SecUnit/Murderbot is an intelligent and compassionate being, with a healthy dose of social anxiety. It has reservations about its human companions, but still works tirelessly to ensure their survival. Woven throughout the plotline, though, is the not-so-subtle discussion about whether S.U. is merely a tool, to be utilized and then cast aside, or a being worthy of the same dignity and respect as any other human.
I can't wait to see what the future holds for S.U.! An excellent start to this new series!!
The ending for this segment was a very good setup for more stories to come. I was a little apprehensive about the length of the story because I have been disappointed by short stories and novellas in the past because they never fully engaged my emotions. I didn't need to worry about that with this story by Martha Wells and I am definitely looking forward to reading the continuing adventures of this Imitative Human Bot Unit.
I'm in the middle of some other books, so I wasnt' ready to start this in earnest.
Thinking I would just read a few pages to get a feel for this new book, I couldn't put it down. I was riveted until I finished it (midnight.)
The main character breaks the stereotype of cyborgs, and the profit-oriented culture created in this book has lots of touchstones with modern life. Enough touchstones to make the story seem to be a commentary on some corporate value systems, but still deftly avoids getting bogged down in the usual dystopian motifs that we have seen so many times before.
It's a good read, I cannot recommend it highly enough.
The protagonist is a cyborg "Security Bot" rented out by an insurance company as a condition for getting interplanetary expeditions insured. He's hacked the governor module that keeps him following orders, and uses his freedom to download serialized dramas. He is snarky and cynical and apathetic. It has an interesting unreliable narrator...the narrator is actively trying to deny certain things about himself, sees himself as more robot then he probably really is. There are hints he probably looks very different to others then the image we get from his internal monologue. On the surface this is a fun goofy book with a funny narrator. If you stop and think about it there is a certain amount of fridge horror and poignancy. The main character is actually one of the more alien minds in sci fi, but doesn't seem that way because we see through his eyes.
It's novella length, so in that sense it's a short read- but it is so dense with details that it makes most full-length novels feel trifling.
The protagonist is a security 'bot- a mix of human organic material and mechanical systems. It is aware, though, and able to tweak its own and other systems to its benefit, and to help others... when it wants to.

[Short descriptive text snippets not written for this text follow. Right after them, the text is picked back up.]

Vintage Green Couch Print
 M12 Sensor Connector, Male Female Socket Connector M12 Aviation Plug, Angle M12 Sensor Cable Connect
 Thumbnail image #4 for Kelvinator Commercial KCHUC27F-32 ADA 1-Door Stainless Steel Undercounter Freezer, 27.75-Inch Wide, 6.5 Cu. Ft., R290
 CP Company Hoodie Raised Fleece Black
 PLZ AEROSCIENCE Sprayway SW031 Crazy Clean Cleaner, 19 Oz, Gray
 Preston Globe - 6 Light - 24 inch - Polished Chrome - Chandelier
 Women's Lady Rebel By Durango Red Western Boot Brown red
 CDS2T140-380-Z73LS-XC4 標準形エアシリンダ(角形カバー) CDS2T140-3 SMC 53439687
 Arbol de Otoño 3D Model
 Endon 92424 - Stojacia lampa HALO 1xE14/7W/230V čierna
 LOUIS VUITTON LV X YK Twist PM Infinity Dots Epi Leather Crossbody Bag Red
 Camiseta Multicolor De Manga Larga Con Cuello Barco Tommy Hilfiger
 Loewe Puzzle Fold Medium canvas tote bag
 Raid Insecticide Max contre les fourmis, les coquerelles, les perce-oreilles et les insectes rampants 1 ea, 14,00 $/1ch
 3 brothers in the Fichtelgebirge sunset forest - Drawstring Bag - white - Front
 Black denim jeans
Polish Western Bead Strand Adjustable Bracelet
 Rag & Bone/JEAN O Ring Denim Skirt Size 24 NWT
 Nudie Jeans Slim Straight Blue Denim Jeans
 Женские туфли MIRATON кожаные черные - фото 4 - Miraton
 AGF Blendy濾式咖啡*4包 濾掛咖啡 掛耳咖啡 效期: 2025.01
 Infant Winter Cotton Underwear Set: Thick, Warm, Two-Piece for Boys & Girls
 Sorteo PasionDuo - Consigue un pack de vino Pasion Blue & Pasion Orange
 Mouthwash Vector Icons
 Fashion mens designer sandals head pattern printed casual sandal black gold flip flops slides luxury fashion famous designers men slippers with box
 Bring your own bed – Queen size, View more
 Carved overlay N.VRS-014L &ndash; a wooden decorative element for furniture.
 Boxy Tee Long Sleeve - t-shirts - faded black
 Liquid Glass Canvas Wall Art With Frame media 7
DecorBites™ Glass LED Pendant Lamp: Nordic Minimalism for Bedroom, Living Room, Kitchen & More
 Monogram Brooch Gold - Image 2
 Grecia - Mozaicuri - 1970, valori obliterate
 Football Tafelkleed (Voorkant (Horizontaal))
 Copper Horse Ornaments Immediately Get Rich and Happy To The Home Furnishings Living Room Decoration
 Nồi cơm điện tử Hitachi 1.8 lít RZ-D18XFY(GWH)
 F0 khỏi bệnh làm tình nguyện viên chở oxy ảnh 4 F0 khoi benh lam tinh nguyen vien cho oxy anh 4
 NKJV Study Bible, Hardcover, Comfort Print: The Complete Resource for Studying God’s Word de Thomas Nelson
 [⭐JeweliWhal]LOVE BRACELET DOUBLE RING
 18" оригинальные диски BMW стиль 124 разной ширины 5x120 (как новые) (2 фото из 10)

I thought its thought processes and decision-making felt very authentic. Some reviewers have said it felt mle to them; to me it felt female, so that's an interesting thought experiment in itself!
While it cares about doing a good job, it is not exactly dedicated to this; it has a solid grasp of its own self-interest (including having off-time in which to watch galactic soap operas), and keeps that in mind even when being mostly altruistic. This may be the most INTJ protagonist ever!
I loved the book, and hope Wells writes more in this world!